An egress LSR MUST act as any other LSR, except that there is no
downstream node to which to forward the Path message. If all checks
are passed, the egress MUST respond with a Resv with the H bit set.
A transit LSR MUST process each Resv according to the normal rules of
[RFC3473].
When an ingress LSR receives a Resv message carrying the H bit set,
it checks the Expiration timer.
o If the timer is not running, the Resv is treated as a refresh and
no special action is taken [RFC3473].
o If the timer is running, the ingress MUST cancel the timer and
SHOULD notify the operator that the first stage of Handover is
complete. The ingress MUST send a Path message that is no
different from the previous message except that the H bit MUST be
clear.
The Path message with the H bit clear will travel the length of the
LSP and will result in the return of a Resv with the H bit clear
according to normal processing [RFC3473]. As a result, the H bit
will be cleared in the stored Path state at each transit LSR and at
the egress LSR. Each LSR SHOULD release any associated MP state
associated with the LSP when it receives the Path message with H bit
clear, but MAY retain the information according to local policy for
use in future MP processing.
When the ingress receives a Resv with the H bit clear, the Handover
is completed. The ingress SHOULD notify the operator that the
Handover is correctly completed.
4.2. MP-to-CP Handover Procedure Failure Handling
In the case of MP-to-CP Handover, two different failure scenarios can
happen: Path Failure and Resv Failure. Moreover, each failure can be
due to two different causes: DP Failure or Communication Failure. In
any case, the LSP ownership MUST be immediately rolled back to the
one previous to the Handover procedure. A section for each
combination will be analyzed in the following.
4.2.1. MP-to-CP Handover Failure - Path Failure
4.2.1.1. MP-to-CP Handover Failure - Path Message and Data Plane
Failure
In the following paragraph, we will analyze the case where the
Handover procedure fails during the Path message processing.
| Path | | |
|--------------->| Path | |
| |---------------X| |
| | PathErr | |
| PathErr |<---------------| |
|<---------------| | |
| | | |
Ingress LER LSR A LSR B Egress LER
Figure 1: MP2CP - Path Msg and DP Failure
If an error occurs, the node detecting the error MUST respond to the
received Path message with a PathErr message, and MUST abort the
Handover procedure.

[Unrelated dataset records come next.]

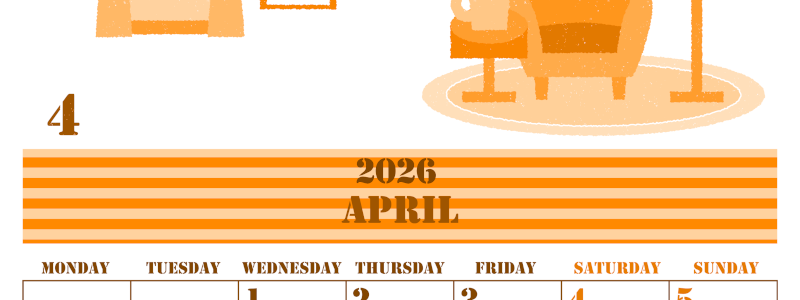 2026年4月縦型月曜始まり 新生活イラストのかわいいA4無料オレンジのカレンダー(2026-01030411)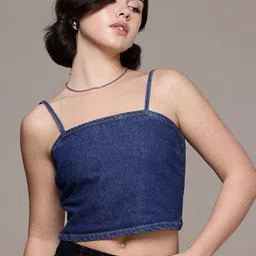 The Roadster Life Co. Shoulder Straps Smocked Detail Pure Cotton Denim Crop Cami Top-image-43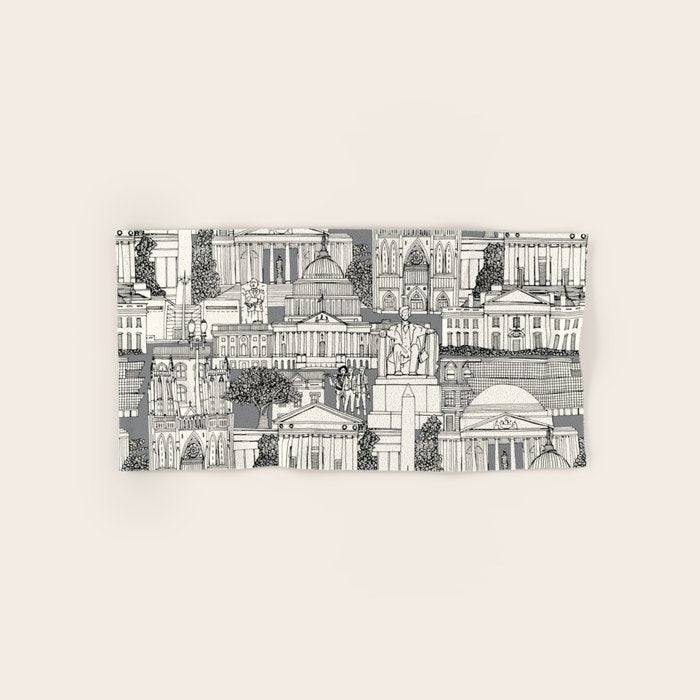 Washington DC toile gray Bath Towel Gallery Image 1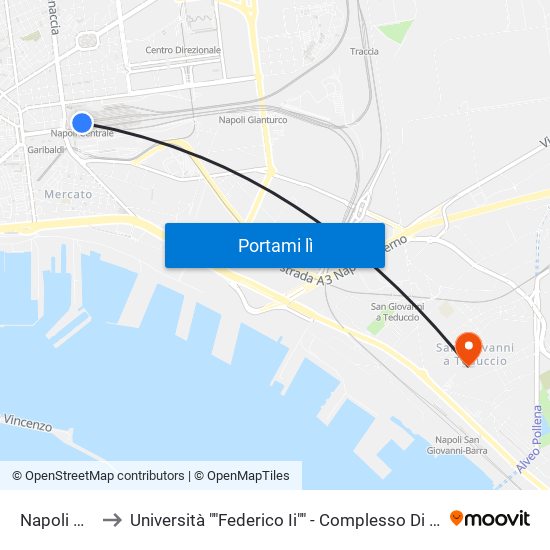 Napoli Centrale to Università ""Federico Ii"" - Complesso Di San Giovanni A Teduccio map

The PathErr message SHOULD have the
Path_State_Removed flag set [RFC3473], but implementations MAY retain
their local state and wait for Path state timeout as per normal RSVP
processing.
Nodes receiving a PathErr message MUST follow standard PathErr
message processing and the associated DP resources MUST NOT be
impacted. If the local CP state indicates that a Handover is in
progress (based on the H bit in the Path message), the LSR MUST
revert the LSP ownership to the MP.
4.2.1.2. MP-to-CP Handover Failure - Path Message and Communication
Failure
Other possible scenarios are shown in the following figures and are
based on the inability to reach a node along the path of the LSP.

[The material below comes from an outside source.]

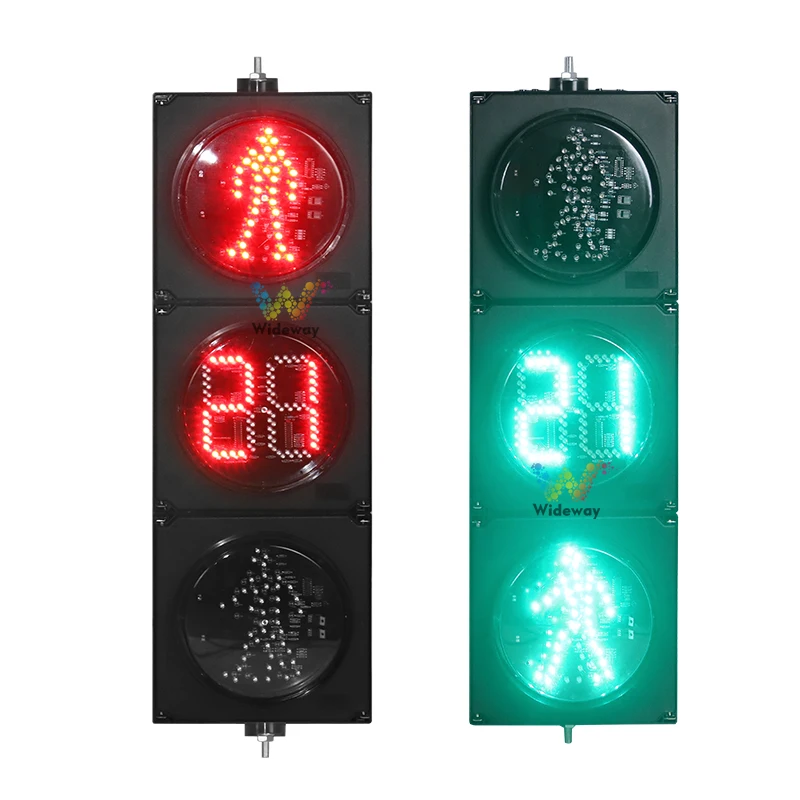 

200 мм, 8 дюймов, 3 аспекта, красный и динамический зеленый пешеходный светильник с двойным обратным отсчетом, корпус для ПК, светодиодный светофор для безопасности дорожного движения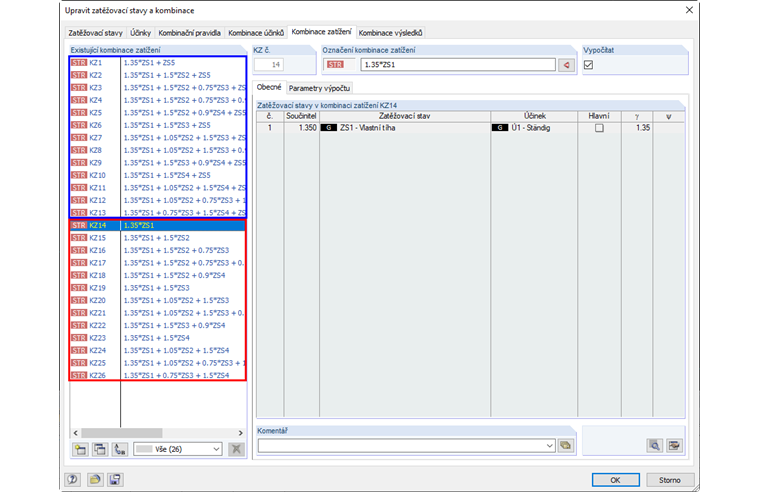 Kombinace zatížení podle teorie I. a II. řádu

The below scenario postulates the use of a reliable message delivery
based on the mechanism defined in [RFC2961].
| Path | | |
|--------------->| Path | |
| |---------------X| |
| |---------------X| |
| | ... | |
| |---------------X| |
| | | |
Ingress LER LSR A LSR B Egress LER
Figure 2: MP2CP - Path Msg and Communication Failure
(Reliable Delivery)
The Path message sent from LSR A towards LSR B is lost or does not
reach the destination for any reason. As a reliable delivery
mechanism is implemented, LSR A retransmits the Path message for a
configurable number of times, and if no ack is received, the Handover
procedure will be aborted (via the Expiration timer).

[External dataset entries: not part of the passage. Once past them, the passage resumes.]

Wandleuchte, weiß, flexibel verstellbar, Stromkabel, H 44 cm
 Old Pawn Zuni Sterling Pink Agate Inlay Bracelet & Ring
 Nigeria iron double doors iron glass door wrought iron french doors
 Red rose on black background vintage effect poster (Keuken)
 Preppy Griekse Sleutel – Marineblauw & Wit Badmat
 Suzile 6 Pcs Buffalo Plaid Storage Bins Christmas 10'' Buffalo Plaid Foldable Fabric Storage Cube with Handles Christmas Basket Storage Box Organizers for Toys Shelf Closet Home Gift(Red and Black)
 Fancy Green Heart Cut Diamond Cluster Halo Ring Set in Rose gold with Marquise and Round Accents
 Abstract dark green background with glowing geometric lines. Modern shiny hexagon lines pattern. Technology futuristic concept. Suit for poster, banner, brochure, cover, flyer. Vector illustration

In the next scenario RSVP-TE messages are sent without reliable
message delivery, that is, no [RFC2961] MessageID procedure is used.
| Path | | |
|--------------->| Path | |
| |----------X | |
| | | |
TIMER EXPIRES | | |
| Path Tear | Path Tear | Path Tear |
|--------------->|--------------->|--------------->|
| | | |
Ingress LER LSR A LSR B Egress LER
Figure 3: MP2CP - Path Msg and Communication Failure
(No Reliable Delivery)
If the Resv message is not received before the expiration of the
Expiration timer, the Handover procedure is aborted as described in
Section 4.2.1.1. Please note that any node that has forwarded a Path
(LSR A), i.e., has installed local path state, will send a PathTear
when that state is removed (according to [RFC2205]).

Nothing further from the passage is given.